» Prompt
Your reply should be the whole listing, copied exactly, with the pictures left out.

» Provided material
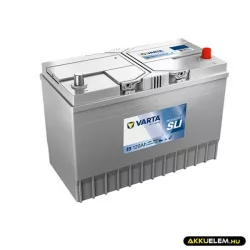 Varta 12V 120Ah 780A 620047 tgk LOT7 Teherautó akkumulátor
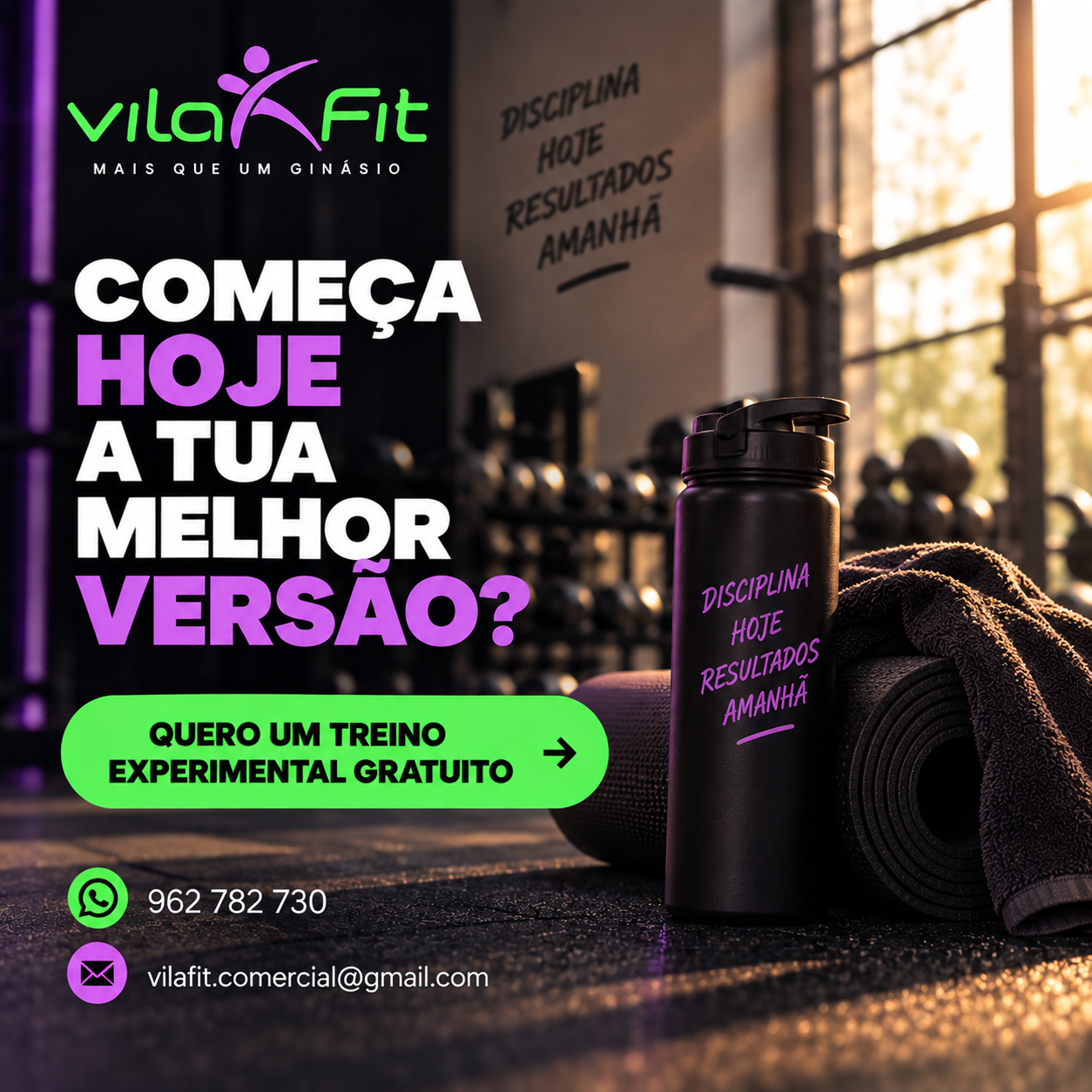 VilaFit Ginásio Logo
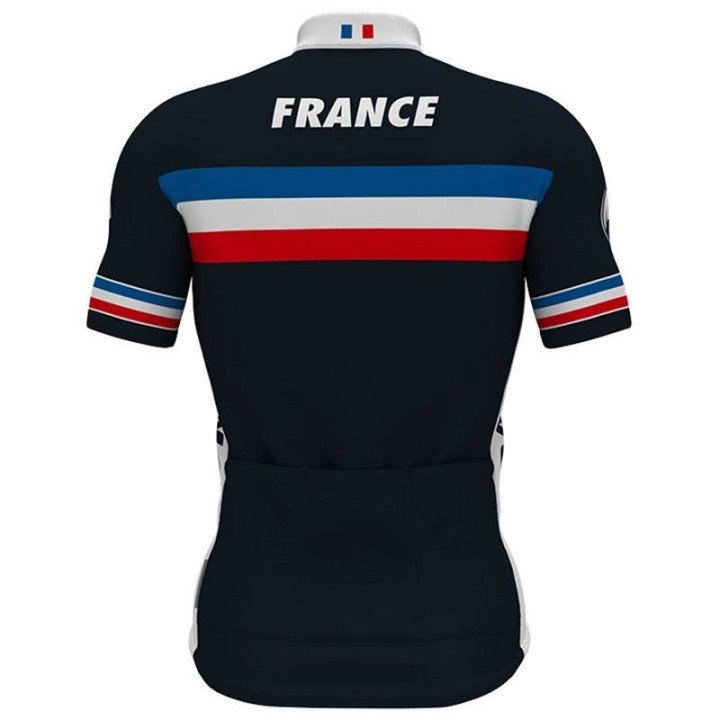 Maillot corto del equipo nacional francés para ciclistas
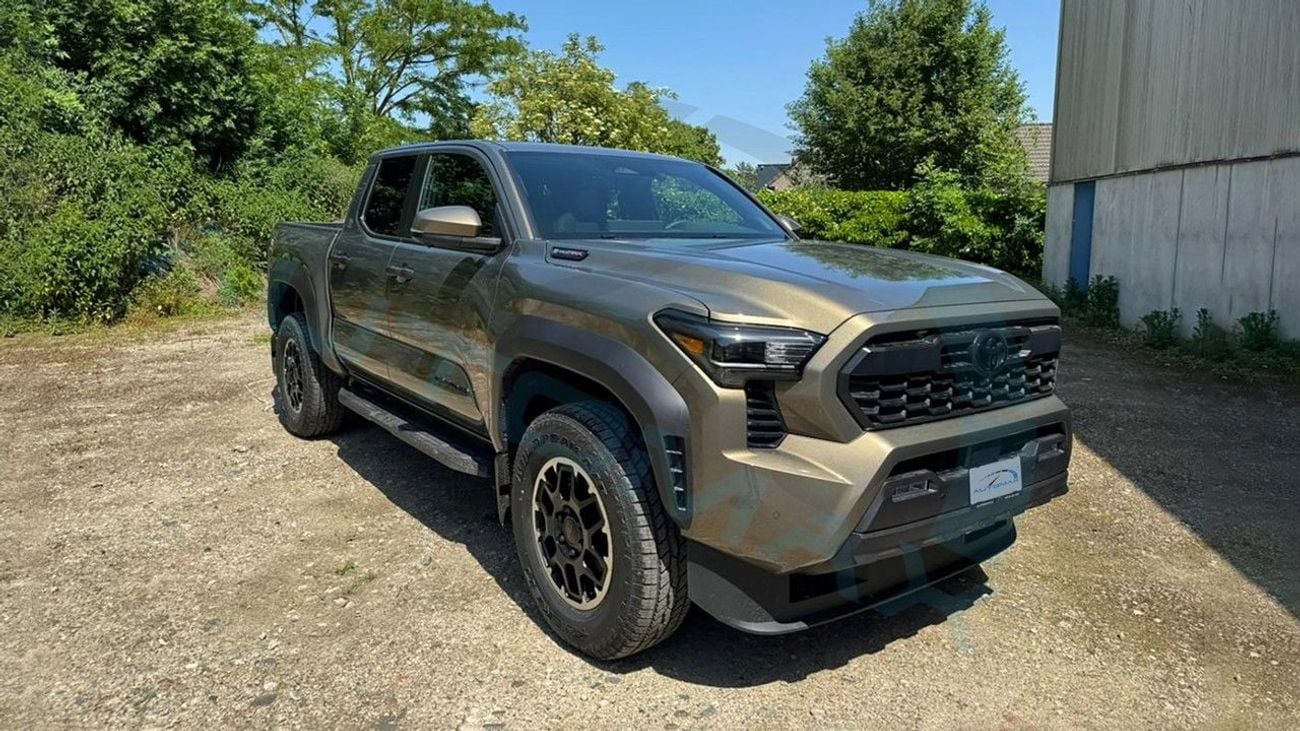 Toyota Tacoma (For Export , НА ЭКСПОРТ) TRD Off-Road Premium iFORCE MAX Hybrid 2.4T 4x4 0Km Без пробега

» Solution to this task
 Varta 12V 120Ah 780A 620047 tgk LOT7 Teherautó akkumulátor
 VilaFit Ginásio Logo
 Maillot corto del equipo nacional francés para ciclistas
 Toyota Tacoma (For Export , НА ЭКСПОРТ) TRD Off-Road Premium iFORCE MAX Hybrid 2.4T 4x4 0Km Без пробега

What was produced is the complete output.